Tuesday, May 29, 2012

St. Louis: Gateway to the West

For ease of transportation, St. Louis was built on a river … not just any river, but the mighty Mississippi.
Find St. Louis on a United States map and look at all the land to the west. What would you have found there in the very early 1800s? If you guessed only wilderness and native settlements you would be right.

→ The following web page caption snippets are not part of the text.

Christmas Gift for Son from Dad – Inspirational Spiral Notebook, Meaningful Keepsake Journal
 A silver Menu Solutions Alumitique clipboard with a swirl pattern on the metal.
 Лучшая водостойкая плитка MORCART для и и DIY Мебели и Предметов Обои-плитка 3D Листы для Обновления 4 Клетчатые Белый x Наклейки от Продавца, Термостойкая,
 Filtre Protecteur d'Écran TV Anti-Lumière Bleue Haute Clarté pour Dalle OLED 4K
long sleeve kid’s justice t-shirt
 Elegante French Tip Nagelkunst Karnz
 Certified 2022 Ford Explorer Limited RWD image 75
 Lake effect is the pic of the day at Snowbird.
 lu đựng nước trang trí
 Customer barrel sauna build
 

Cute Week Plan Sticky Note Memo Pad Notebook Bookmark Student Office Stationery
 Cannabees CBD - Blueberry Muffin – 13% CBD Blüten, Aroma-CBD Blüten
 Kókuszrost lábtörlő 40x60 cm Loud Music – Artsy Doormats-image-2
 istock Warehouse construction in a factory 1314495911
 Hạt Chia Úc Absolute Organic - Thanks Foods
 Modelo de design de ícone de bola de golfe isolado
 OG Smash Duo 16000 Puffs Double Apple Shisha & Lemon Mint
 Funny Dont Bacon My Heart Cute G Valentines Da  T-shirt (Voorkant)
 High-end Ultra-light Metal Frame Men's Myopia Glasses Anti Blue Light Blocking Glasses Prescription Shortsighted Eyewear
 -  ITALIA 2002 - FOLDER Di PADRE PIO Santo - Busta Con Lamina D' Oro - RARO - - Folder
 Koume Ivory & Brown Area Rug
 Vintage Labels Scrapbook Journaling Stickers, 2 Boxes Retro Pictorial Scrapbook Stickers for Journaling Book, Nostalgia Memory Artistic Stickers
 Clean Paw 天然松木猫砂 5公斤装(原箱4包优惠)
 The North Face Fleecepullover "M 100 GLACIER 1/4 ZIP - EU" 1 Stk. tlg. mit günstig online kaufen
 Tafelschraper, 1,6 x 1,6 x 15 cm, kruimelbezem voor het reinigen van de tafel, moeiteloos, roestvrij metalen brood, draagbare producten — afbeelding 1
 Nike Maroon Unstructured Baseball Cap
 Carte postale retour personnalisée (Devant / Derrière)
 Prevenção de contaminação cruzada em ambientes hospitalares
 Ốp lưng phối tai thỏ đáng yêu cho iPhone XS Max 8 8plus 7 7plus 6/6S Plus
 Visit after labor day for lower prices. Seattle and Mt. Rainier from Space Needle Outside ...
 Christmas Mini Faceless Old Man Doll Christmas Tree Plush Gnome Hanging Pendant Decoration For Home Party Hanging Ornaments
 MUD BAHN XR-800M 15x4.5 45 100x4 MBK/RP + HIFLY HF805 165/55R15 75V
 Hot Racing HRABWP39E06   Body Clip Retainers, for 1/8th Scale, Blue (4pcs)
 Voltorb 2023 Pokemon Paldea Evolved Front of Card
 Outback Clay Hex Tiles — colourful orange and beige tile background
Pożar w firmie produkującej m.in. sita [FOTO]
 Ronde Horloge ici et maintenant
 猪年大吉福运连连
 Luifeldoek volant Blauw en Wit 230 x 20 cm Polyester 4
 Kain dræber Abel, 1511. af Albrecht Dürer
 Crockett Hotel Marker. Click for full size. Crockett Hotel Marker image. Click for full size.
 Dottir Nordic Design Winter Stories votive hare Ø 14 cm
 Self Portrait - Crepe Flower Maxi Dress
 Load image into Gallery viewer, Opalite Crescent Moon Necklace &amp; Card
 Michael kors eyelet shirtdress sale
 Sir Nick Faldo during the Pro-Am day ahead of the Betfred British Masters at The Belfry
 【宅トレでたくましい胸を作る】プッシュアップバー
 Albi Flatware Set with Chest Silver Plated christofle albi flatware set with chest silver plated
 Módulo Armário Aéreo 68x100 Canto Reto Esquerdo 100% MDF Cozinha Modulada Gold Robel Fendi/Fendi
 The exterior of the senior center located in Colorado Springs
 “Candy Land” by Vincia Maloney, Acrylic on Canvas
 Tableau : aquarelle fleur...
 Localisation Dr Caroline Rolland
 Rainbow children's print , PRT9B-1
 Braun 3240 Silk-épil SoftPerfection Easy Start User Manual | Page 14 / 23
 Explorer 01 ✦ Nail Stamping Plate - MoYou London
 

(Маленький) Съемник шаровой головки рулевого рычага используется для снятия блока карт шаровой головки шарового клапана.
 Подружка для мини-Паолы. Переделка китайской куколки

Located on the Big Muddy—the Mississippi River—at one time St. Louis was the most westward city in the United States. Serving as the last stop for gathering supplies on the way to the west, it is where Lewis and Clark embarked on their two-year exploration expedition. Because so many travelers set off from St. Louis, it became known at the Gateway to the West. To commemorate this, a nationwide design competition was held in 1947-48. The goal was to create a national monument on the banks of the Mississippi River in downtown St. Louis. Famed Finnish-American architect Eero Saarinen designed an arch and won the competition. Construction began in February 1963; twenty months later it was completed at a cost of $13,000,000. Open to the public in mid 1967, a specially designed tramway system leads sightseers to the top.

The Arch nears completion.

To get to the top via the tramway, a visitor must squeeze into a small capsule containing five seats. My friend described the experience as riding in the tub of a washing machine. As I rode to the top of the arch, I was glad I am neither claustrophobic nor fearful of heights. The cramped ride was worth it though because the view from the top was exquisite. Each year, over 1,000,000 visitors ride the tram to the top because the Arch is one of the most visited sites in the United States. On a clear day you can see thirty miles away!  

At 630 feet high, the Gateway Arch is the tallest monument in the United States.
A view from atop the Arch. The building in the center of the photo is the Old Courthouse.
There are many interesting facts about the Gateway Arch and its construction. The Arch has foundations sunk 60 feet into the ground to provide ample support. Weighing 17,000 tons, more than 900 tons of stainless steel was used for the exterior. The Arch is composed of 142 equilateral triangles, and in an emergency more than on thousand steps allow maintenance workers access to the top. Carefully designed, the arch can withstand earthquakes and high winds. While it will sway up to an inch in 20-mile-per-hour winds, the Arch can safely sway as much as 18 inches if winds reach 150 miles per hour. 

Another view from the top of the Arch. Here you ca see Busch Stadium where the St. Louis Cardinals play baseball.
As you drive around St. Louis, the Gateway Arch is clearly visible and serves as a constant reminder of the importance of this river city to the exploration and expansion of the United States. It also helped me know exactly where the Mississippi River cuts through the city.